PARIS — A 15th-century book of the Torah sold for a record $3.87 million at an auction in Paris.
Christie’s, which organized last week’s auction, listed the buyer as “anonymous” and said the sale broke the mark for the most expensive Hebrew-language book. Three buyers attempted to outbid each other over the telephone, the news website actualitte.com reported May 1.
The book was printed in Hebrew in Bologna in January, 1482, according to Christie’s.
“The volume represents the very first appearance in print of all five books of the Pentateuch as well as the first to which vocalization and cantillation marks have been added,” the Christie’s website said.
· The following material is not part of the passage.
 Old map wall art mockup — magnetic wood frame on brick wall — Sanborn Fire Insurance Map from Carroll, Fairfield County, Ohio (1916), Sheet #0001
Prior to the auction, Christie’s estimated the item’s worth at up to 1.5 million euros, or $2.08 million.
The back of the copy bears the signature of three 16th- and 17th-century censors testifying to its presence in an Italian library until at least the mid-17th century, according to Christie’s.
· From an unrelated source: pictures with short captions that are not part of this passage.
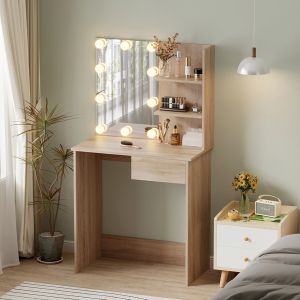 Dressing table with Led lights and shelves Lauryn Hm2501.01 melamine in Sonama 75x40x134.5hcm.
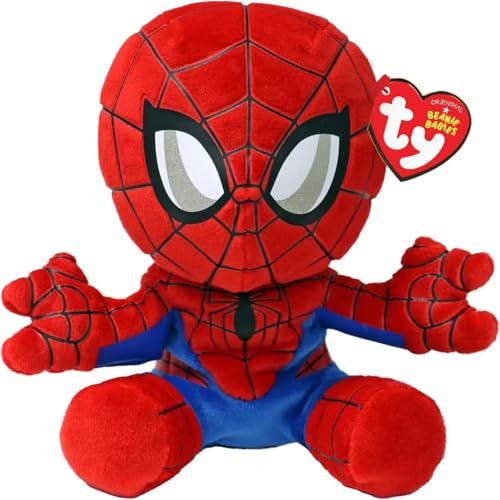Ty Marvel Collection Spiderman All Your Favorite Heroes in Floppy Version Soft Plush to Collect Gift Idea for Young and Old 20 cm T44007 - Image 1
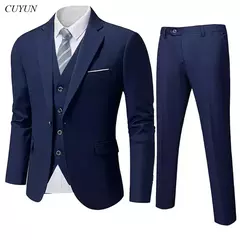 Traje elegante para hombre, boda, 3 piezas, 2 conjuntos, Blazers, chaquetas completas, chaleco, pantalones, moda Formal, abrigos de lujo, traje clásico 2025 - Eleganzie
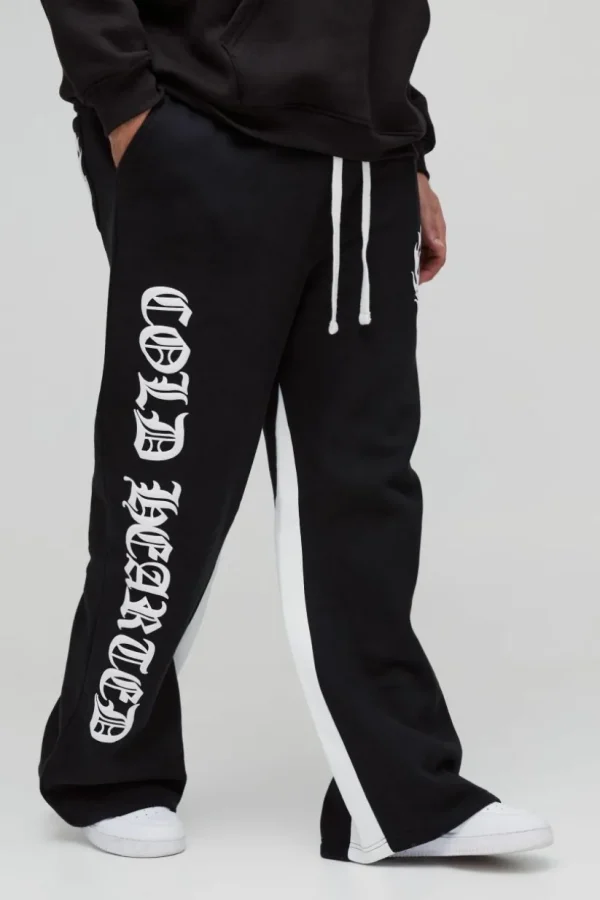 boohooMAN Plus Relaxed Flare Cold Hearted Puff Print Gusset Jogger | Joggers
“Over the last hundred years only two copies of this rare edition have come to auction: the first in 1970, printed on vellum and complete, the second in 1998, printed on paper and missing eight pages,” Christie’s added in a news release before the sale.
The copy sold last week was printed on vellum and is complete, apart from the rear free-end paper, and is “in exceptionally fresh condition,” the auction house said.
In 2012, the Paris office of Christie’s sold a 15th-century machzor, or Jewish High Holidays prayer book, for $2.41 million. It was created in Florence, Italy, and richly embellished with intricate designs.